The n-body-ring-solver from pc2

N-Body Ring Solver FPGA and CPU Implementations

This repository contains a novel design and implementation for distributed FPGA and CPU N-Body solvers. The technical background and evaluation is available as open access publication (doi/10.1145/3491235) in the ACM Transactions on Reconfigurable Technology and Systems (TRETS). Please cite this article if you use or build upon this repository.

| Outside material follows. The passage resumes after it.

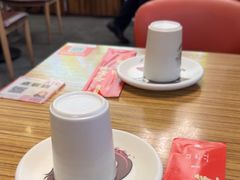 -柳叶刀烧烤(北大清华店)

The benchmarks presented in the publication can be carried out by following the steps below on the Noctua1 cluster of PC². For information on accessing the system, also refer to this page. For further information on how to use the FPGA and CPU programs, refer to the Readme files in the corresponding directories.

CPU Benchmarks

Switch to the CPU directory, load the necessary modules and make.

cd CPU
source modules.sh
make single_core_bench
make

Then, submit the following jobscripts

sbatch -A your-account slurm_scripts/single_core_benchmark.sh
sbatch -A your-account slurm_scripts/single_node_benchmark.sh
sbatch -A your-account slurm_scripts/scaling_benchmark.sh

Make sure to specify your account. The results of the Benchmarks will be saved to the following csv files:

single_core.csv
single_node_performance.csv
strong_scaling_CPU.csv
weak_scaling_CPU.csv

To get power consumption measurements, please apply for job-specific monitoring: https://wikis.uni-paderborn.de/pc2doc/Job-Specific-Monitoring
The single node benchmark idles 60 seconds between executions with different problem sizes, such that the power consumption data can be related to the executions. If job-specific monitoring is not accessible, it is sufficient to assume that the power consumption for problem sizes larger than 2048 is in the range of [210W+20W - 300W+20W] for the CPUs+DRAM. For smaller problem sizes the power consumption is more inconsistant, but in the range of [190W+20W - 210W+20W].

FPGA Benchmarks

Switch to the FPGA directory, load the necessary modules and make.

cd FPGA
source modules.sh
make

Then, start the hardware synthesis for the FPGA images by submitting the following job scripts:

mkdir bin
sbatch -A your-account syn_scripts/syn_lrbd_lf_no_sync_local_2x2_s42.sh
sbatch -A your-account syn_scripts/syn_lrbd_lf_no_sync_local_4x4_s13.sh
sbatch -A your-account syn_scripts/syn_lrbd_lf_sp_8x8L32_s42.sh

This will synthesize hardware images for a 2x2, 4x4 solver in double precision and an 8x8 solver in single precision. Note, that the performance results for the 4x4 solver will deviate from the results shown in the paper. This is due to a different seed used in synthesis. For the image used in the paper no seed was specified and it could not be determined after the fact. Still, the authors would be able to provide the hardware image on request.
After the hardware synthesis has finished, the single node benchmark can be obtained using the single_node_experiments.sh script. Here, the synthesized implementations will be tested for input sizes ranging from N=128-32768.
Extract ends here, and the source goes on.